[Start of section]

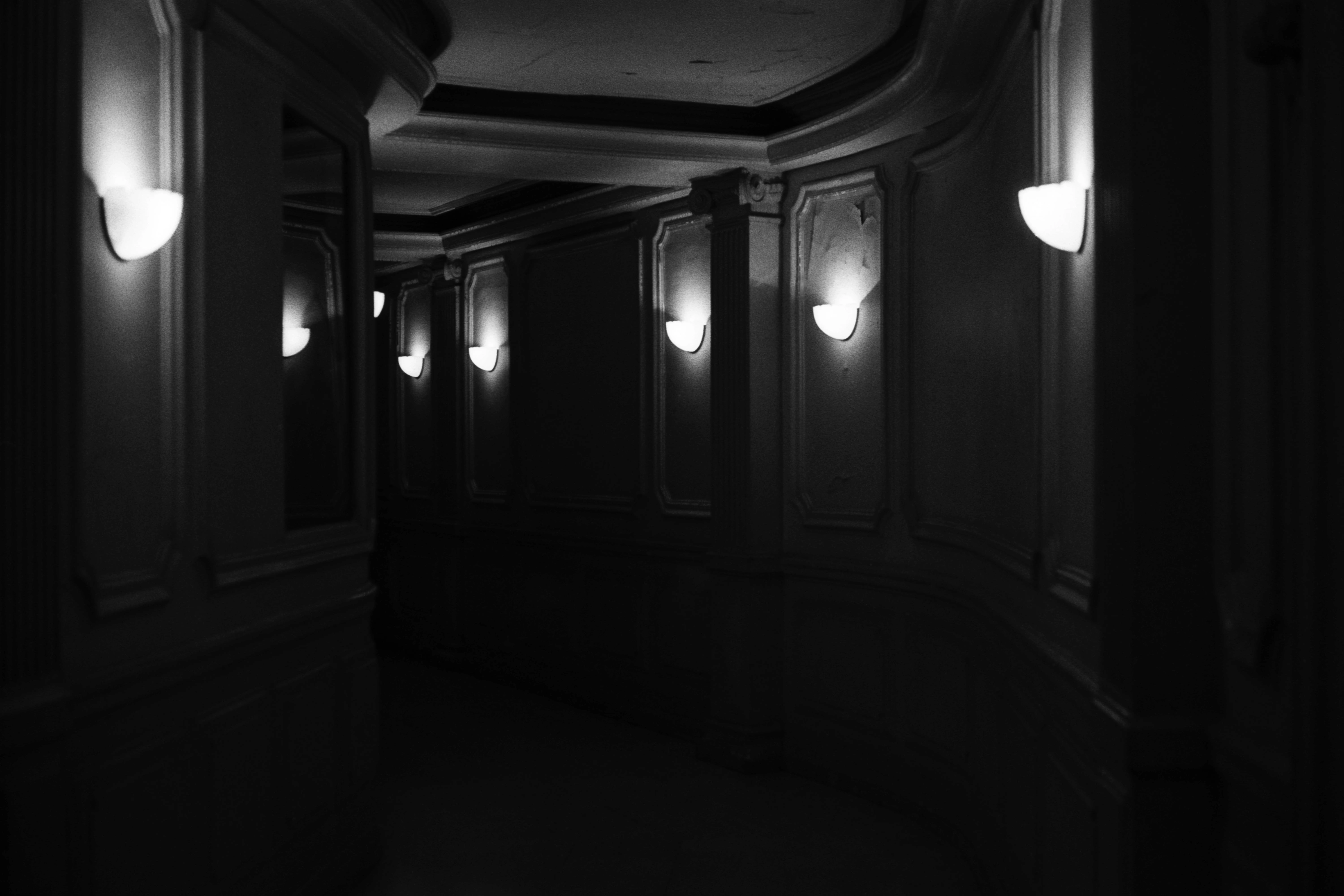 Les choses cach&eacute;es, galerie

[End of section]
[Start of section]

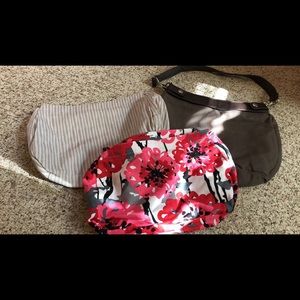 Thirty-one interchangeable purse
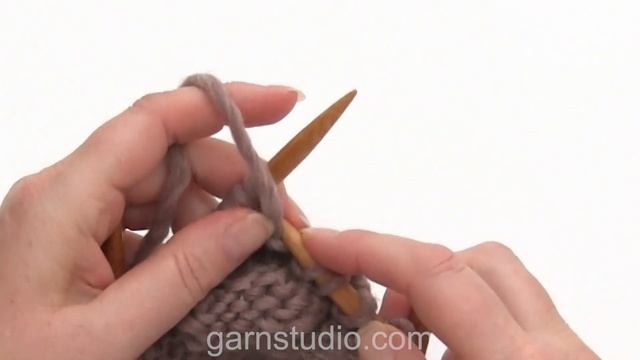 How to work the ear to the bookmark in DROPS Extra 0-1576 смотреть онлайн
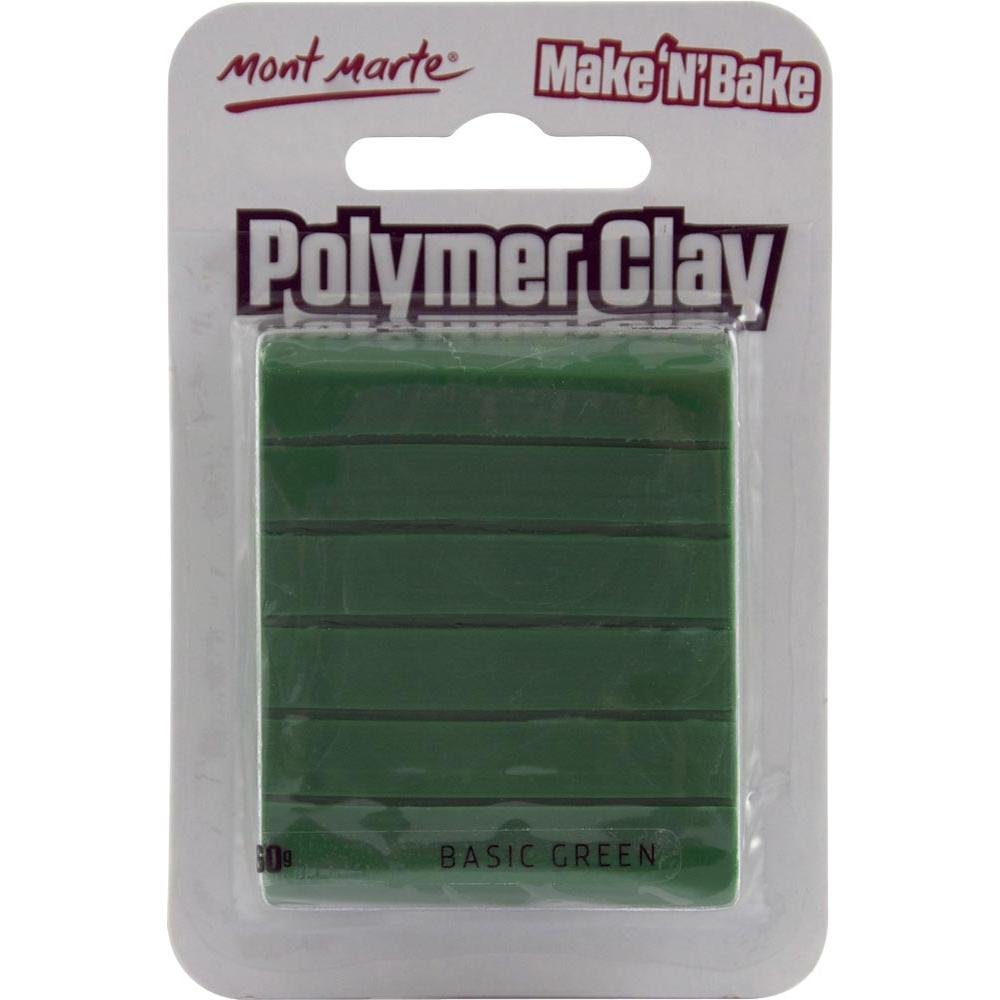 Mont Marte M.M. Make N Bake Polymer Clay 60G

[End of section]

*Exercise instructions*
Look above for the line containing "Thirty-one interchangeable purse", then copy exactly from it through the line containing "Mont Marte M.M. Make N Bake Polymer Clay 60G", keeping both and leaving out pictures. Add nothing else.

*Your response*
 Thirty-one interchangeable purse
 How to work the ear to the bookmark in DROPS Extra 0-1576 смотреть онлайн
 Mont Marte M.M. Make N Bake Polymer Clay 60G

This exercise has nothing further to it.